From a practical perspective, it is difficult to restrict calories continuously. For this reason, a study compared the effects on weight loss of continuous energy restriction versus intermittent energy restriction (like intermittent fasting) (13). The researchers concluded that intermittent energy restriction is just as effective as continuous energy restriction for weight loss, and potentially much more realistic to apply in the medium to long term.
In fact, another study with similar results took it a step further; the researchers found that while weight loss results were similar, the individuals that were on an intermittent fasting diet were actually able to preserve muscle mass more effectively than people who constantly restricted calories (14).
The reduced insulin and blood glucose levels that result from intermittent fasting have another benefit: these markers also seem to increase the resistance of the brain to stress (6).
In addition, intermittent fasting also helps to slow brain aging and improve the outcome of brain conditions like Alzheimer’s disease and Parkinson’s disease (21).
How? Researchers at National Institute of Aging, the Longevity Institute of the University of Southern California, and the John Hopkins Department of Neuroscience conclude that different forms of intermittent fasting help to improve health and counteract disease processes by boosting cell health and DNA repair, among others (21, 15).
While most research on the impact of intermittent fasting on the progression of cancer has been performed on animals, initial results are promising. Researchers carried out a meta-analysis (a review of several high-quality, comparable studies), to determine the effects of different calorie-restricted diets on cancer initiation, progression, and metastasis (16).
The meta-analysis found that the ketogenic diet is effective against cancer in animal experiments, and 62.5% of studies on the effect of intermittent fasting on cancer in animals were also effective. This means that while more studies need to be carried out, the combination of ketogenic diets and intermittent fasting could be effective in helping to slow cancer progression (16).
Oxidative stress is the result of too many free radicals in the body, and too few antioxidants. Free radicals appear in the body as a result of normal processes, environmental factors, and stress, among others.
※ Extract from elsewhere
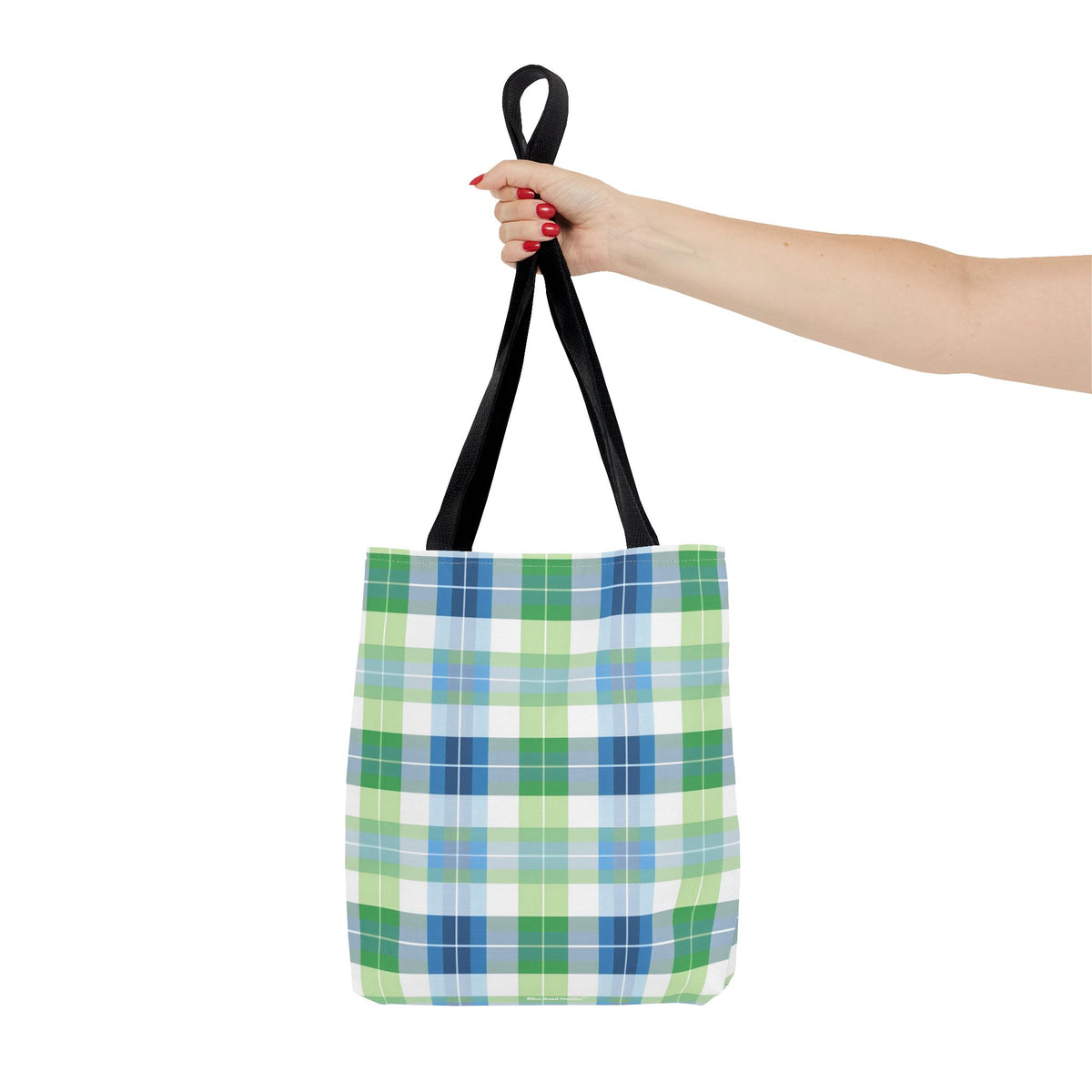 Spring Mist Plaid Tote Bag - Tote Your Essentials in Style - Fresh Plaid for Bright Days! Available in 3 sizes.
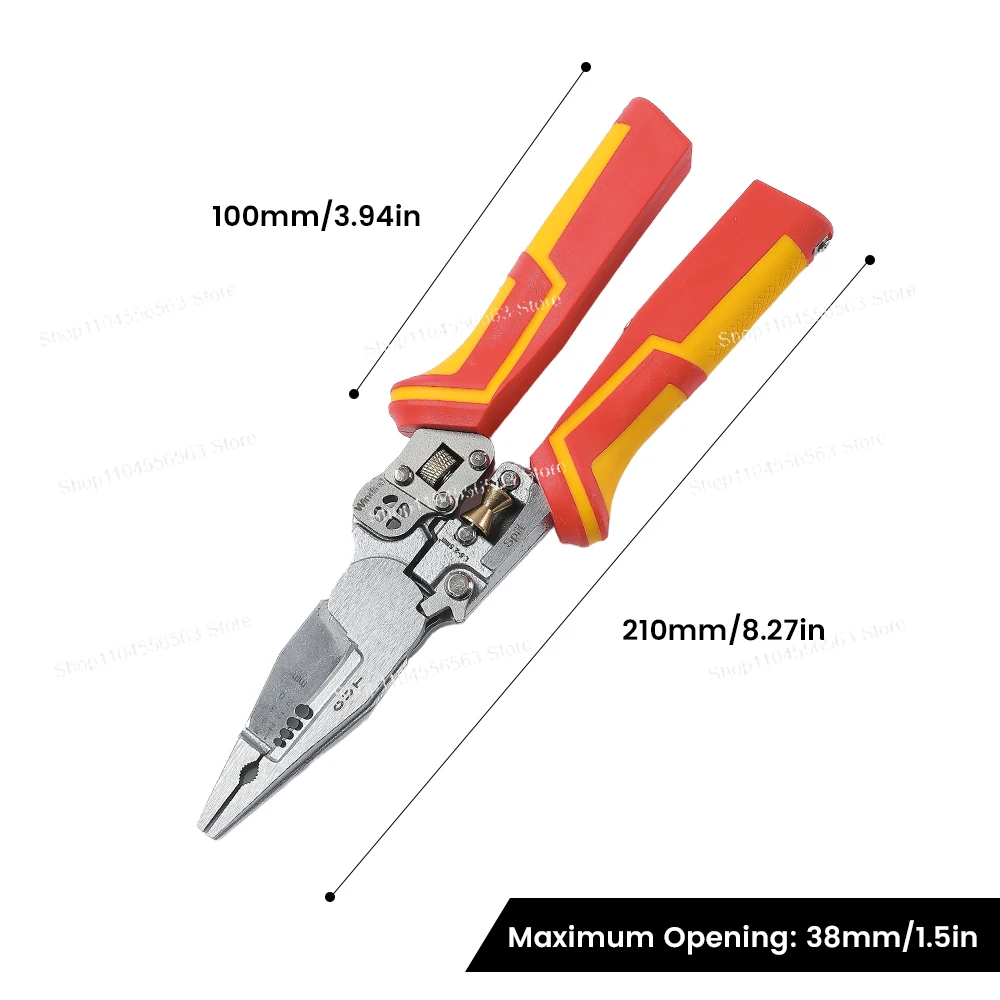 

8-in-1 Stripping Pliers with Voltage Tester Versatile Wire Stripping Pliers with Electricity Measurement Cutting Crimping Pliers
If there are too many free radicals in the body, they can cause inflammation, cell damage, cell aging, and cell death.
One type of intermittent fasting – alternate-day calorie restriction (ADCR) – was studied for its potential effects on oxidative stress and inflammation. The study revealed that oxidative stress and inflammation declined as a result of intermittent fasting (17).
Early research also demonstrates that intermittent fasting may also lengthen lifespan, as demonstrated by a small study carried out with nematodes (18).
Several studies demonstrate the effects of intermittent fasting on indicators of heart health. Some of these include blood cholesterol blood pressure. Not only does intermittent fasting help people lose weight, it also helps people lower their risk of coronary heart disease (1). This can result from reduction in LDL cholesterol, blood pressure and fat accumulation close to the organs (19, 20).
Intermittent fasting has numerous health benefits, some of which researchers are only beginning to uncover. While people who follow intermittent fasting should always make sure to get regular checkups, (especially if they have a health condition) well-established and early research have demonstrated the many benefits of intermittent fasting for everything from heart and brain health to weight loss and brain aging.